Badasses in History: Miyamoto Musashi
There are very few truths in this world. “Good” and “evil” are almost never that simple. “Money-back guarantees” are usually scams, and, let’s face it, “both fun and educational!” is just a hair away from being a bigger lie than Santa Clause. Sorry about that. I should have said spoiler alert.
Anyway, my point is that there are very few universal statements. My favorite however is this: Samurais are awesome.
Find me an exception. I dare you. Tell me you have never seen a samurai movie and left wishing to every power you believe in (and some you don’t, just to cover your bases) that you could be even a fraction as badass as a samurai is without even trying.
Ladies and Gentlemen, I present to you Miyamoto Musashi.
Musashi was many things, but what he was, above all else, is the greatest swordsman the world has ever seen. That shit you saw in Kill Bill? He was better. The three hundred Spartans? He could have killed them blindfolded. Every trope applied to Samurai applied to this man, but more so. We tell children scary stories about Godzilla, vampires, and manbearpig. They tell their kids about Miyamoto Musashi.
But I should start at the beginning.
We don’t actually know a lot about Musashi’s youth. The best historians can say is that he was born in 1584 in the Mimasaka Province of Japan. His father was an accomplished martial artist and swordsman and his grandfather was the vassal of a feudal lord by the name of Shinmen.
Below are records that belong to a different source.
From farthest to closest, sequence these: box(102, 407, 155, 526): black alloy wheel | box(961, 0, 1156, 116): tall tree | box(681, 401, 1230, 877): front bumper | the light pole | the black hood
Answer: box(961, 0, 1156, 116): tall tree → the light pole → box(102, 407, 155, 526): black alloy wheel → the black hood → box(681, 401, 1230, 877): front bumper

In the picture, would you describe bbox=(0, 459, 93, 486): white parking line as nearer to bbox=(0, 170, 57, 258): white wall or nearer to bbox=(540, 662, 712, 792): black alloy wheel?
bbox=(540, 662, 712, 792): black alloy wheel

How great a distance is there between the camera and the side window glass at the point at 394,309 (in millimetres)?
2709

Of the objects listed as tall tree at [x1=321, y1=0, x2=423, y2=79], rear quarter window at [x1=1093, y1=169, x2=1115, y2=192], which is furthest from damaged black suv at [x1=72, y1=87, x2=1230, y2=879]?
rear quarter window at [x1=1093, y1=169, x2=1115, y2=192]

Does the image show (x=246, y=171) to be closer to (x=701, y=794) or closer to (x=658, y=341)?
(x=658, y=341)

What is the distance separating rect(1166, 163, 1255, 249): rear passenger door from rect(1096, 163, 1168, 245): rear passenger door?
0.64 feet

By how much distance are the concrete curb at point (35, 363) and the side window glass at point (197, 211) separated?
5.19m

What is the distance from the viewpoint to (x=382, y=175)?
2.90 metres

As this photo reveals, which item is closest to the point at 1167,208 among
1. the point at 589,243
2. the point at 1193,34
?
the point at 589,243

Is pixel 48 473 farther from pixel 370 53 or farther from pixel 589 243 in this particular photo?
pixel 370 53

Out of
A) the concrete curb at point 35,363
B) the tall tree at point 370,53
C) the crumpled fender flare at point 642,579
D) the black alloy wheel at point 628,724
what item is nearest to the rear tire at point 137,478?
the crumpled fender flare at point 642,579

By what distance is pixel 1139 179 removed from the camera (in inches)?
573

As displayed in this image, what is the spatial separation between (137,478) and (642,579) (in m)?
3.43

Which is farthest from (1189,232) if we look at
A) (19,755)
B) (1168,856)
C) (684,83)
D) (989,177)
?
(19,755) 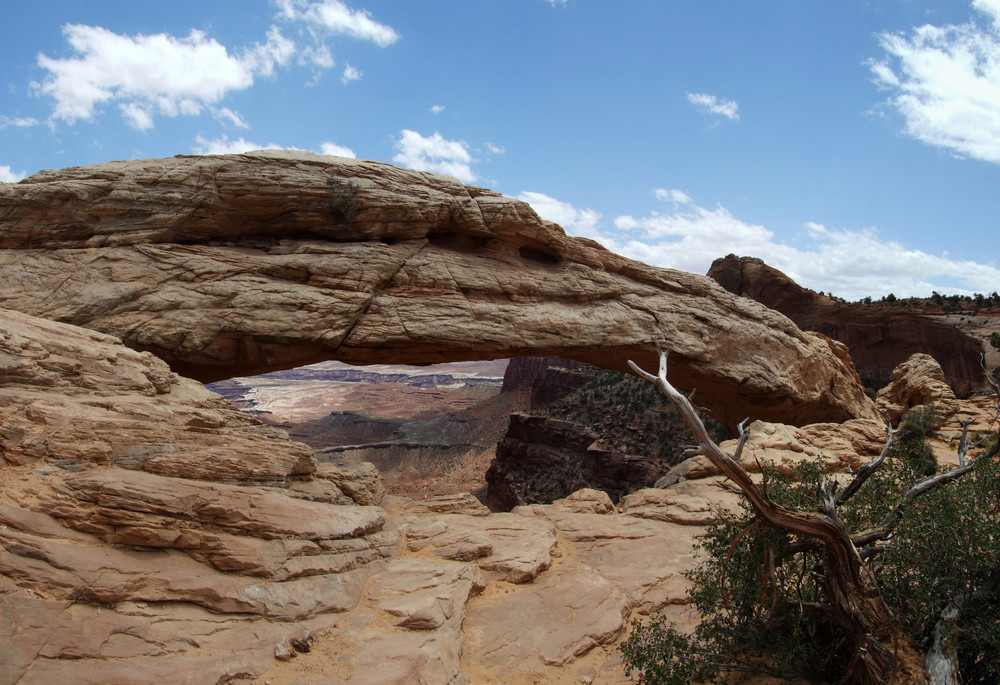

Beyond that, we don’t know much.
What we do know however, is that Musashi was one precocious motherfucker. How so you ask? Well, he killed a man at age 13. In a duel.
“But Josh!” you say. “Surely it was a training accident against another student at his dojo or some shit! No way it was for serial.”
Actually I’m “super serial.” At age 13, when many of us were having Bar Mitzvah’s and worrying about acne, popularity, and pop quizzes, Musashi was fucking killed people. In fact, his opponent, Arima Kihei, was a grown man…and already a samurai.
He was also kind of a douche. Thing is, he had come to Musashi’s hometown and posted a notice that he wanted to duel someone…anyone. Just because. Dude, what an a-hole.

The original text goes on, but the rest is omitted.